Emiliano Basile
30/11/2018 01:39

Una de las mejores películas presentadas en el 71 Festival de Cannes fue sin dudas Happy as Lazzaro (Lazzaro felice, 2018), la nueva producción de la directora italiana Alice Rohrwacher (Las maravillas, 2014) que ahora llega a Netflix y en la que nuevamente fusiona mitología cristiana con su gran conocimiento de la Italia rural.

Happy as Lazzaro

(2018)

En este caso, es en una familia de campesinos donde la figura bíblica de Lázaro y su multiplicidad de significados deambula la trama. Parábola que viene del Evangelio de Lucas (capítulo 16, versículos 19 al 31) que relata la historia de dos hombres y el destino de cada uno de ellos: el pobre Lázaro, lleno de llagas y sin socorro, es llevado luego de su muerte al seno de Abraham, en tanto que el rico, que viste de púrpura y lino fino y banquetea cada día, sufre tormentos en el Hades luego de ser sepultado.

Podemos ver cómo la parábola del rico y el pobre sobrevuelan la historia de la aldea alejada de cualquier atisbo de progreso. En ella se encuentra la humilde familia de campesinos de varias generaciones que trabaja para la Marquesa Alfonsina de Luna. Las diferencias de clase y la explotación con tintes medievales se hace evidente aún más, cuando el noble Tancredi (Luca Chikovani), hijo de la marquesa, le pide a Lázaro (Adriano Tardiolo), uno de los jóvenes integrantes de la familia de campesinos, que lo secuestre para sacarle dinero a sus padres.

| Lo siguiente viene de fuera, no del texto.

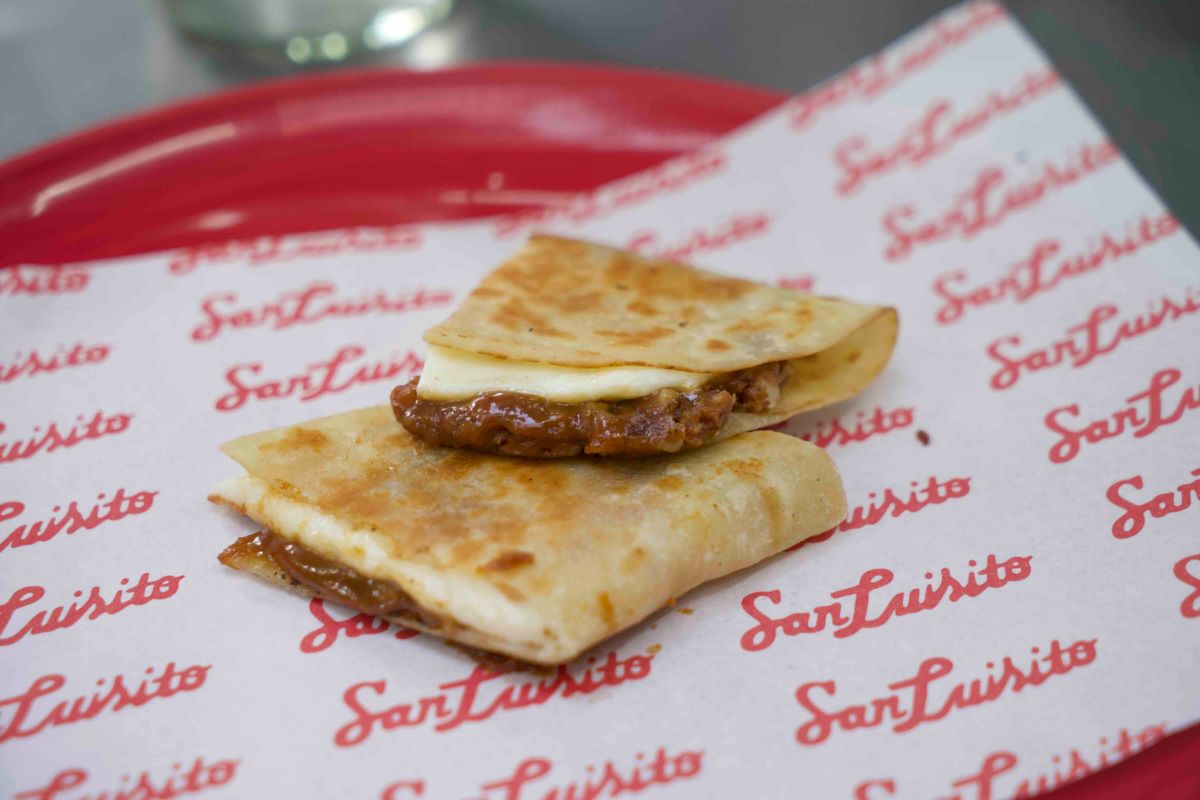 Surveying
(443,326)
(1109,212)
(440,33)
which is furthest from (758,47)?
(443,326)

Alice Rohrwacher regresa con otra historia donde demuestra su talento para el retrato realista de los vínculos en una familia rural del sur de Italia. Las motivaciones de los personajes quedan evidentes en escena con un gran virtuosismo para la descripción de gestos y pasiones secretas expresadas entre ellos con sutiles acciones. Pero ese registro realista cuasi documental adquiere, como en su film anterior, un condimento fantástico que escapa a la lógica de la representación. Sin embargo, y aquí uno de los puntos fuertes de su cine, no es fantástico para los personajes de su película, porque para ellos la lógica religiosa mítica es tan real como la rutina del trabajo que llevan a cabo a diario. La familia campesina acepta su destino al igual que el recurso fantástico del mismo modo que acepta la división de clase y la explotación a la que están sometidos. Situación tan arbitraria para la familia como la introducción del elemento fantástico en la trama para el espectador.

Lázaro hace un salto en el tiempo y el espacio. Su familia se traslada a la capital por trabajo y vive cuan mendigos pero siguen subsistiendo. Todos sus familiares envejecieron menos Lázaro que sigue con la edad y fisonomía de antaño. En ese nuevo contexto ahora urbano, se reencuentran con un devaluado Tancredi (ahora Tommaso Ragno) que aparece nuevamente como una esperanza para su grupo. ¿Qué es Lázaro? ¿Un santo? ¿Un ángel? En el Nuevo Testamento Lázaro de Betania es conocido por alojar a Jesús de Nazaret en su casa. Jesús lo resucita luego de cuatro días muerto, por eso el nombre Lázaro significa “ayudado por Dios”, siendo sinónimo de resurrección. Su figura se carga de matices míticos mientras el aura brilla a su alrededor.

La directora logra desde el realismo mágico exponer diferencias sociales e, incluso, permitirse denunciar la situación financiera actual, con una historia llena de personajes queribles y otros despreciables, para actualizar una vieja parábola bíblica. Como en Las maravillas trasmite comportamientos humanos con una empatía admirable que permite describir injusticias sociales una vez más, pero en esta oportunidad, trasladando dilemas a una dimensión actual redondeando con Happy as Lazzaro, su mejor película a la fecha.